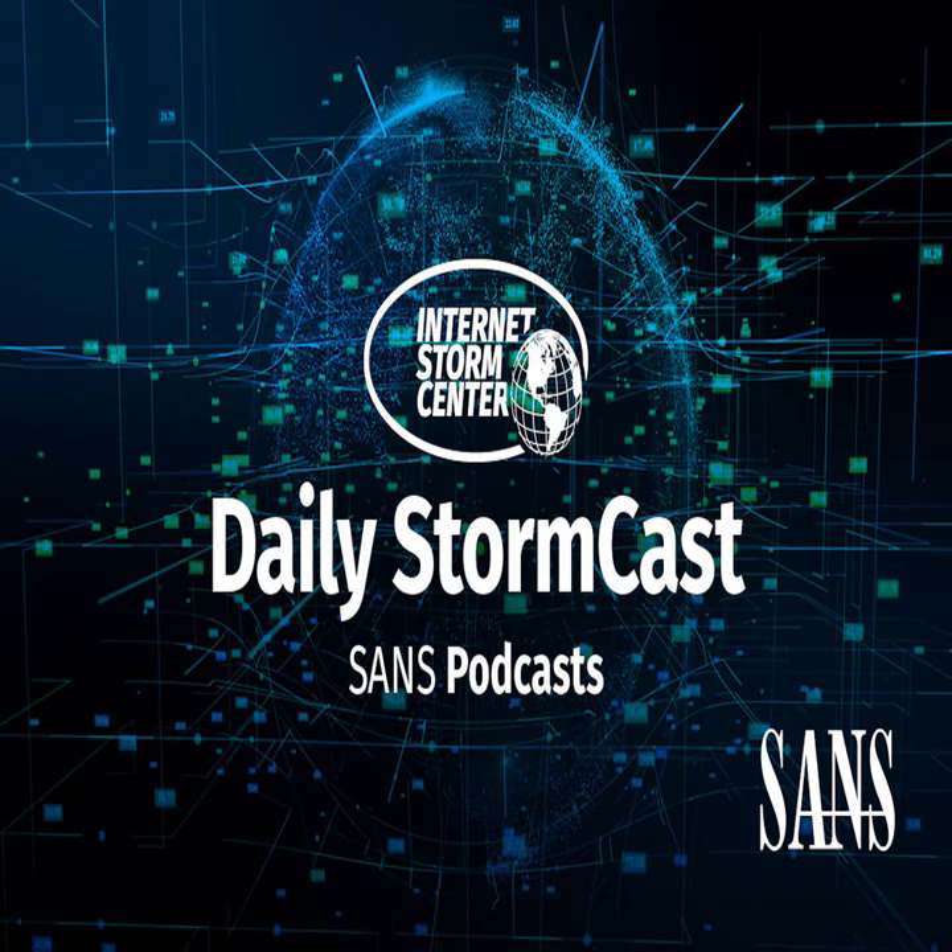Hello and welcome to the Monday, July 15th, 2024 edition of the SANS Internet Storm Center's Stormcast. My name is Johannes Ulrich and today I'm recording from Washington, D.C.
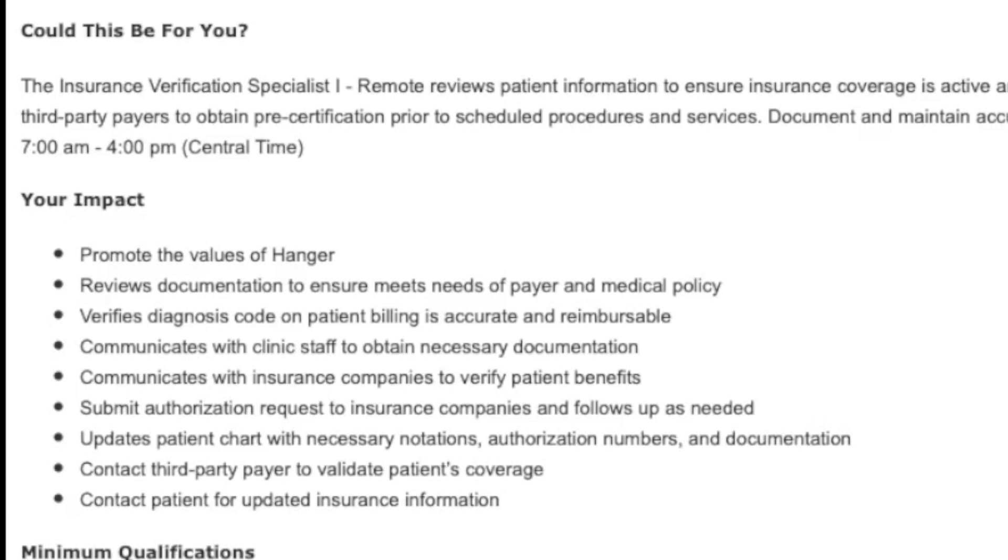They're looking for somebody to remotely review patient information to ensure that the insurance coverage attached is active and correct for that date of service. This may require you to pick up the phone and make some outbound phone calls to contact the health insurance companies to verify eligibility and benefits. You can also verify eligibility and benefits online through a secure provider online portal. You're not going to be sitting on a phone taking inbound customer calls.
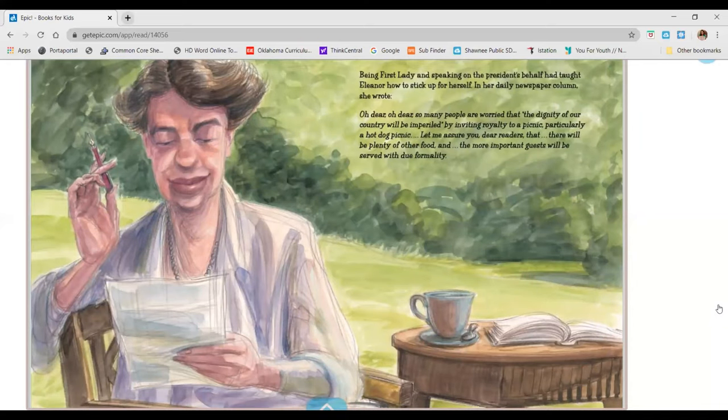Being first lady and speaking on the president's behalf had taught Eleanor how to stick up for herself. In her daily newspaper column, she wrote: Oh dear, oh dear, so many people are worried that the dignity of our country will be imperiled by inviting royalty to a picnic, particularly a hot dog picnic. Let me assure you, dear readers, that there will be plenty of other food, and the more important guests will be served with due formality.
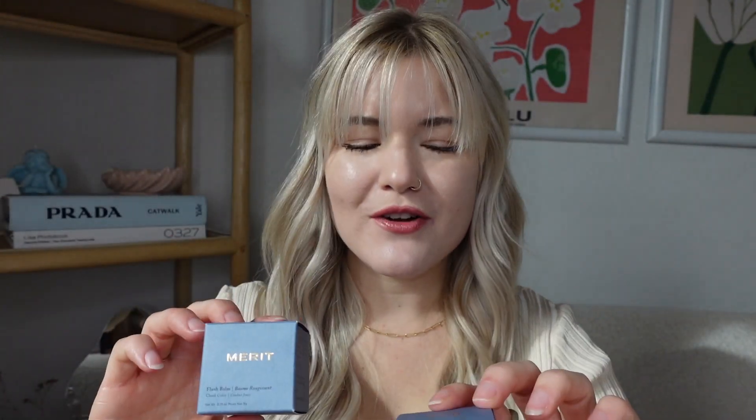I wanted to make this quick video to share some new shades from Merit Beauty that they gifted me. Even though these were gifted, these are actually one of my favorite products from Merit Beauty and for blush in general. These are the Flush Balm from Merit Beauty. First of all, I love Merit's packaging — the minimalist vibe and everything about it.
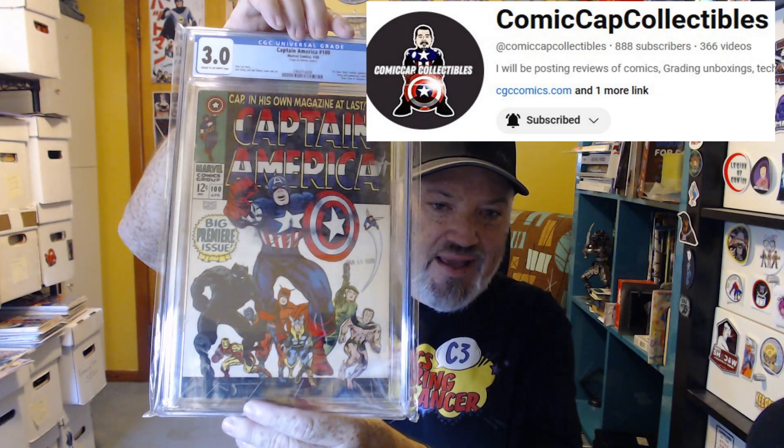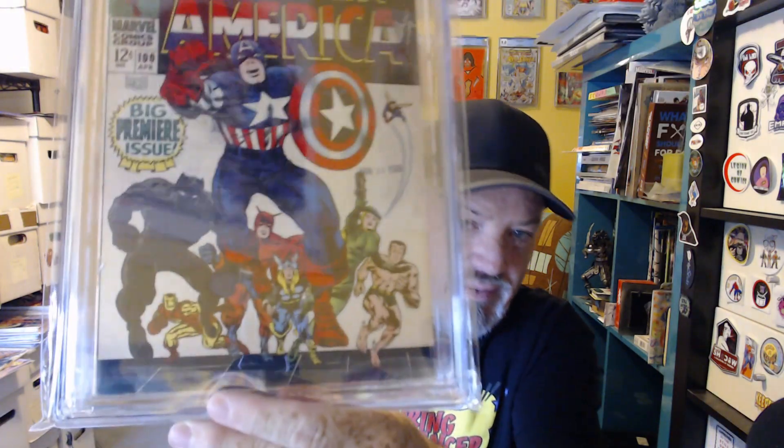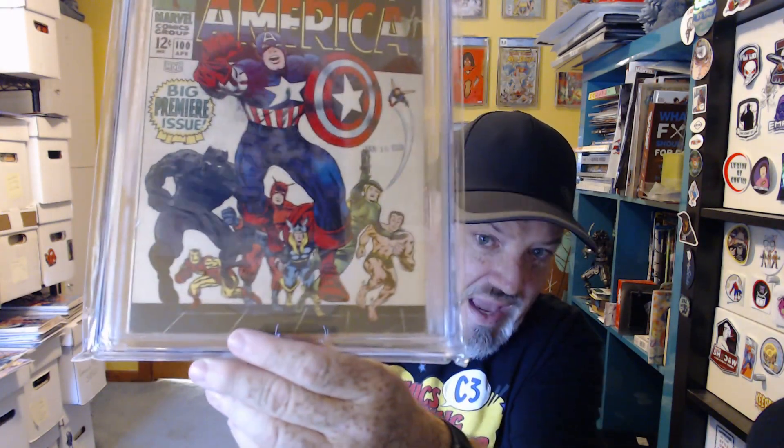I found out this was donated by Rich from Comic Cap Collectibles — he had upgraded to a 6.0. I'm more than fine with this 3.0. It has a date stamp, which I love — I think it's just historical, it's great. It says January 10th, 1968. I wasn't even a year old yet. This book is older than — well, I'm older than the book, but just barely. It has some color rub, a little blue right there, but I don't care. It's one of those awesome covers you have to have in your personal collection. I also bought a reprint on purpose so I could read the story.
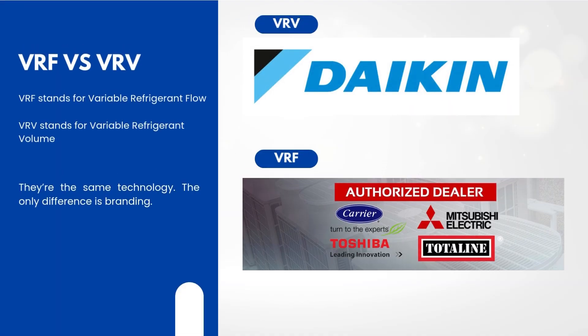First, let's clear up the confusion. VRF stands for Variable Refrigerant Flow, while VRV stands for Variable Refrigerant Volume. They're the same technology — the only difference is branding. The Japanese company Daikin was the first to invent this system in the early 1980s. They patented the name VRV, so when other companies started using the same concept, they had to call it VRF. So if you hear either of these terms, just remember, it's the same thing.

About this exercise => Please copy the data shown above word for word, omitting the pictures.

Expected output =>
Hello and welcome to the Monday, July 15th, 2024 edition of the SANS Internet Storm Center's Stormcast. My name is Johannes Ulrich and today I'm recording from Washington, D.C.
They're looking for somebody to remotely review patient information to ensure that the insurance coverage attached is active and correct for that date of service. This may require you to pick up the phone and make some outbound phone calls to contact the health insurance companies to verify eligibility and benefits. You can also verify eligibility and benefits online through a secure provider online portal. You're not going to be sitting on a phone taking inbound customer calls.
Being first lady and speaking on the president's behalf had taught Eleanor how to stick up for herself. In her daily newspaper column, she wrote: Oh dear, oh dear, so many people are worried that the dignity of our country will be imperiled by inviting royalty to a picnic, particularly a hot dog picnic. Let me assure you, dear readers, that there will be plenty of other food, and the more important guests will be served with due formality.
I wanted to make this quick video to share some new shades from Merit Beauty that they gifted me. Even though these were gifted, these are actually one of my favorite products from Merit Beauty and for blush in general. These are the Flush Balm from Merit Beauty. First of all, I love Merit's packaging — the minimalist vibe and everything about it.
I found out this was donated by Rich from Comic Cap Collectibles — he had upgraded to a 6.0. I'm more than fine with this 3.0. It has a date stamp, which I love — I think it's just historical, it's great. It says January 10th, 1968. I wasn't even a year old yet. This book is older than — well, I'm older than the book, but just barely. It has some color rub, a little blue right there, but I don't care. It's one of those awesome covers you have to have in your personal collection. I also bought a reprint on purpose so I could read the story.
First, let's clear up the confusion. VRF stands for Variable Refrigerant Flow, while VRV stands for Variable Refrigerant Volume. They're the same technology — the only difference is branding. The Japanese company Daikin was the first to invent this system in the early 1980s. They patented the name VRV, so when other companies started using the same concept, they had to call it VRF. So if you hear either of these terms, just remember, it's the same thing.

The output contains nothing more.